* COLLECTED MATERIAL:
#####
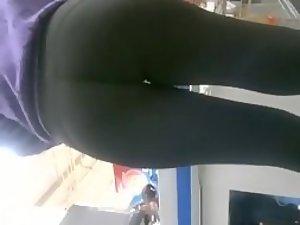 Sexy babe in yoga pants got voyeured Picture 1
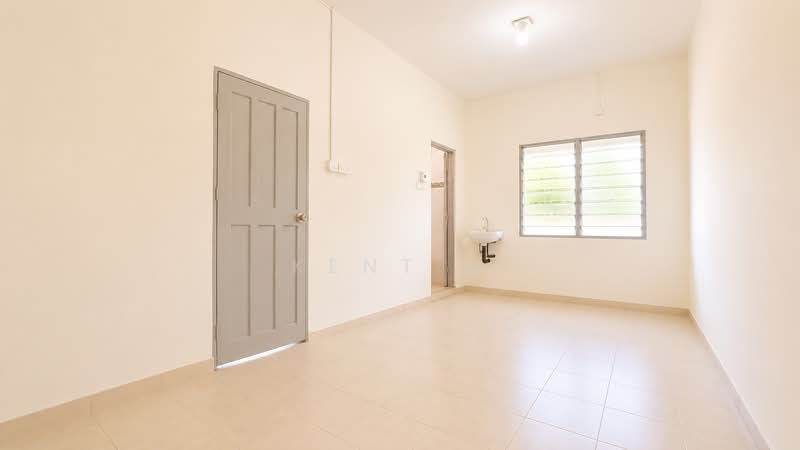 Semi-Detached House for Sale in Taman Canning (Ipoh) - Kent C - PropertyGuru.com.my
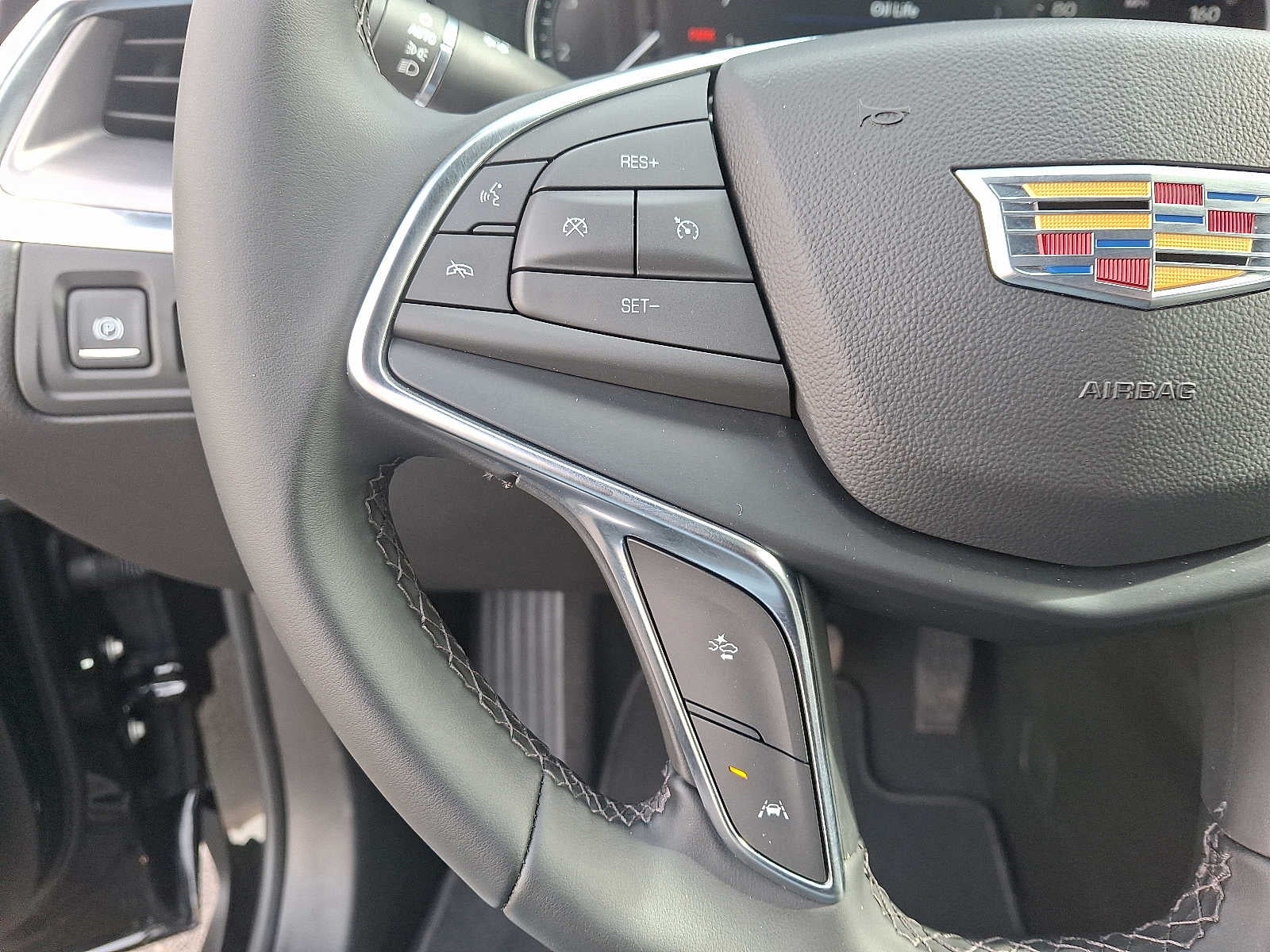 2025 Cadillac XT5 Luxury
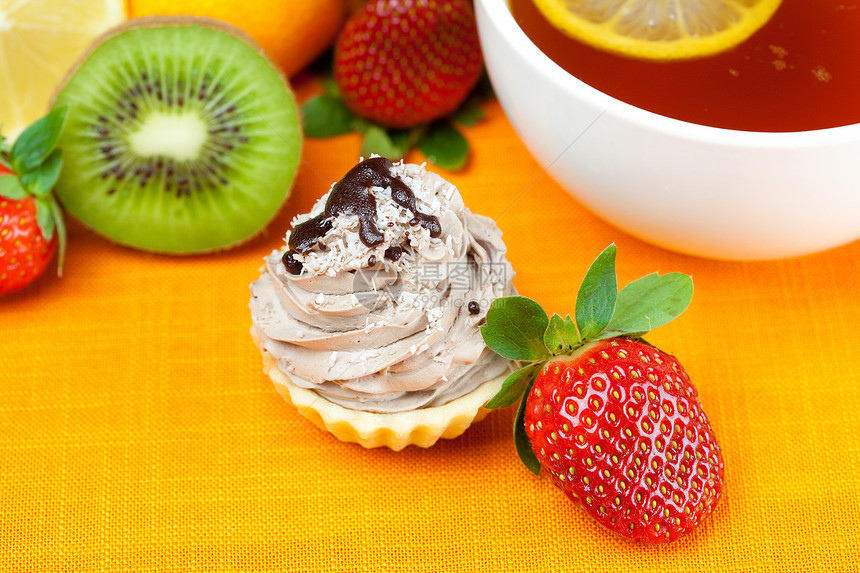 柠檬 莱蒙茶 曼丹丹林 基维 蛋糕和草莓文化甜点水果奶油盘子奇异果液体糕点橙子飞碟图片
#####
* WORK INSTRUCTIONS: Keep the pictures out of your answer, which should be the lines from the one with "2025 Cadillac XT5 Luxury" through the final line of the data, copied exactly.

* WRITTEN REPLY:
 2025 Cadillac XT5 Luxury
 柠檬 莱蒙茶 曼丹丹林 基维 蛋糕和草莓文化甜点水果奶油盘子奇异果液体糕点橙子飞碟图片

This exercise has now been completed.